Now I will turn to the setting of the events and writings of the New Testament, which are hugely important for understanding the collection.
(The synoptic contradictions I have not explored center around the crucifixion and resurrection — the former is the most historically accepted event in the life of Jesus and the latter a matter of faith widely disputed — hence I am abandoning that, for the moment.)
What's more important, before we tackle even a summary on the Fourth Gospel, is to focus on the NT’s Sitz im Leben (German, setting in life). This phrase has been used in biblical criticism since the 19th century, to speak of its political, social, and cultural setting.
The NT’s people and texts developed within the eastern half of the Roman Empire — Jerusalem to Rome — from about 6 BC to 100 AD. The Empire was a one-man rule of territories from Britain to Spain and from Spain to the Holy Land and Syria. It preserved legal republican forms, such as the Senate, but functioned as a massive military and taxation extortion system serving the Emperor, who at times was regarded as at least a demigod.
The society out of which Jesus and his apostles emerged was a subject Jewish people permitted to practice their religion within certain limits. The Jews were mostly Pharisee, Sadducee, or Essenes.
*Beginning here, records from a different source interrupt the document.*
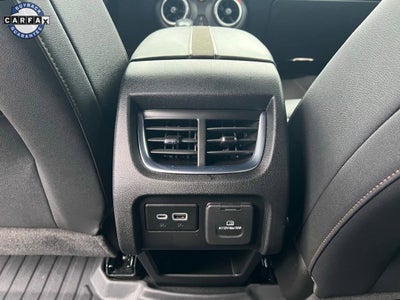 2022 Chevrolet Blazer Premier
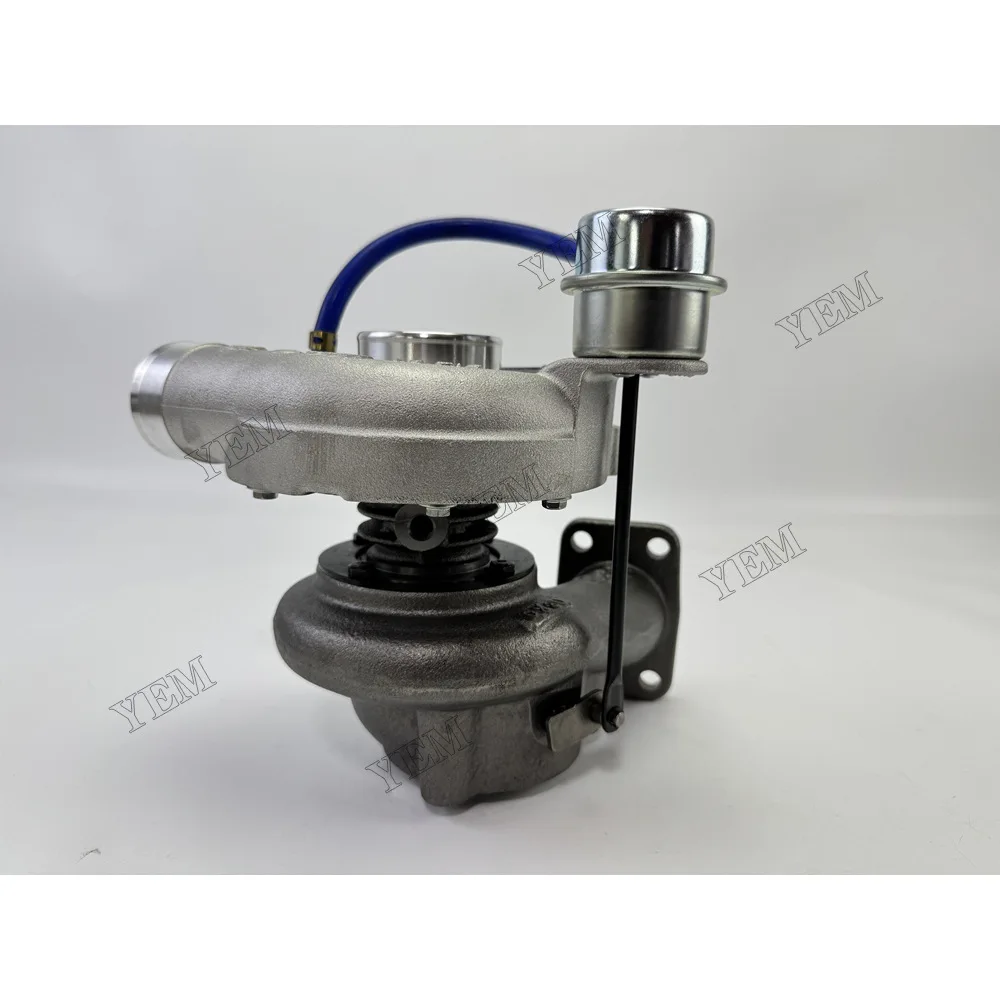 Turbocharger 2674A226 for Liebherr D926 Wholesale Engine Parts 4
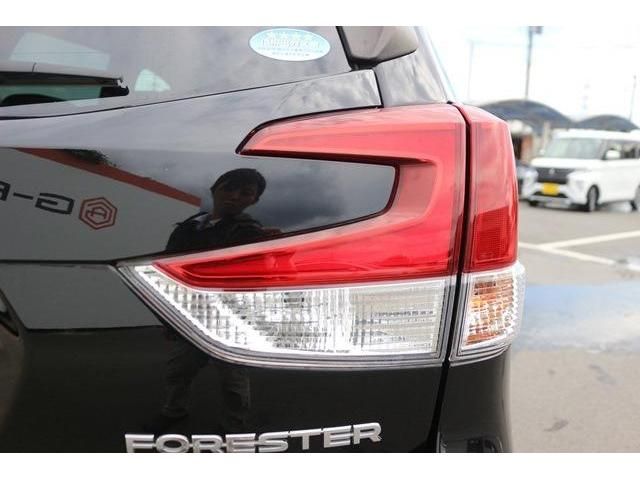 Subaru FORESTER 2018-09 15044-6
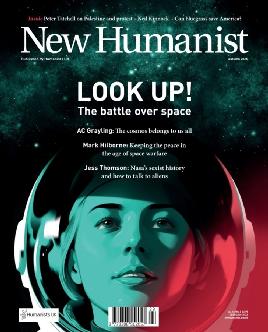 New Humanist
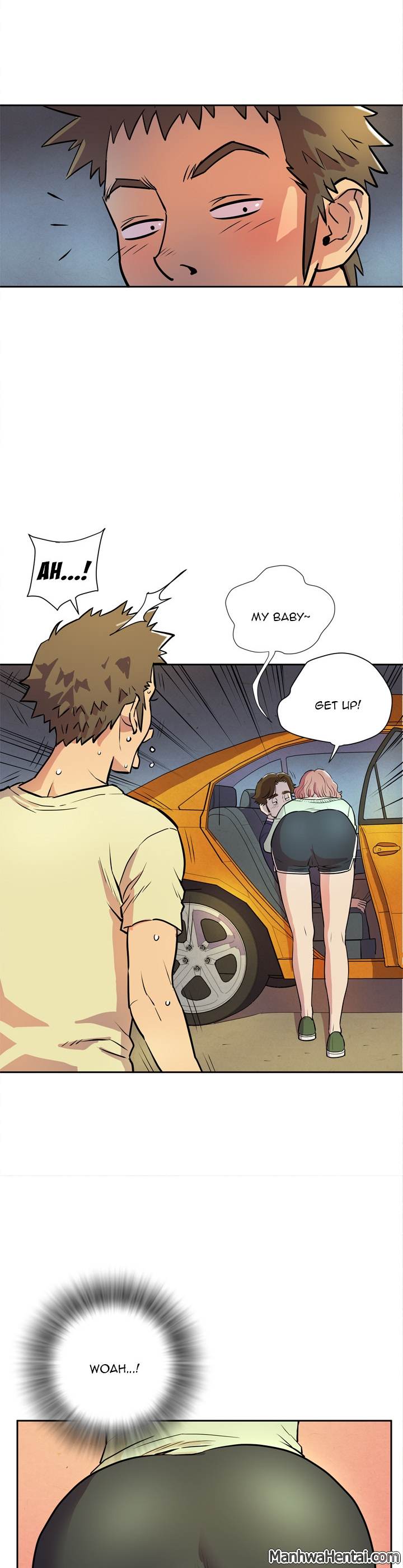 Wife Training - Chapter 5 [photo 6] - MangaPorn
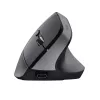 Trust Bayo+ -hiiri toimisto oikeakätinen RF Wireless + Bluetooth optinen 2400 DPI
The Pharisees were the upstanding and legalistic conventional Jews from whom came the rabbinical tradition after the year 70. Sadducees are most easily remembered as “sad, you see,” because they didn’t believe in life after death. The Essenes were one of several monastic groups that lived in caves near the desert; Jesus and John the Baptist probably lived with them some time in their youths.
In addition, were the Kana’im (or zealots), who eventually led a rebellion against the Romans, from 66 to 70. The civil war led to the siege to starvation of Jerusalem and the razing of the Temple compound, one of whose remaining structures is today called the “Wailing Wall.”
Significantly for the faith and the NT, it also led to the expulsion and dispersal of Jews throughout the Mediterranean and later Europe. The events of the gospels took place before this earthshaking event; the NT texts were mostly written after.
Jesus was a woodworker, or craftsman, rather than a carpenter in the modern construction sense. The disciples had similar specialized crafts. They likely spoke some koiné, or marketplace Greek, and Aramaic, a Galilean Hebrew dialect — but not biblical Hebrew.
Their people lived in one-room dwellings, traveled no more than 30 miles from their birthplaces in their lifetimes, and lived an average of 30 to 40 years. Perhaps one of the easiest-to-read non-specialist books on the subject is Daily Life in the Time of Jesus by Henri Daniel-Rops.
All of this is to make clear that the New Testament people and authors had no idea of things such as democracy, middle class comforts, nor the particular ethnic diversity of the American continent.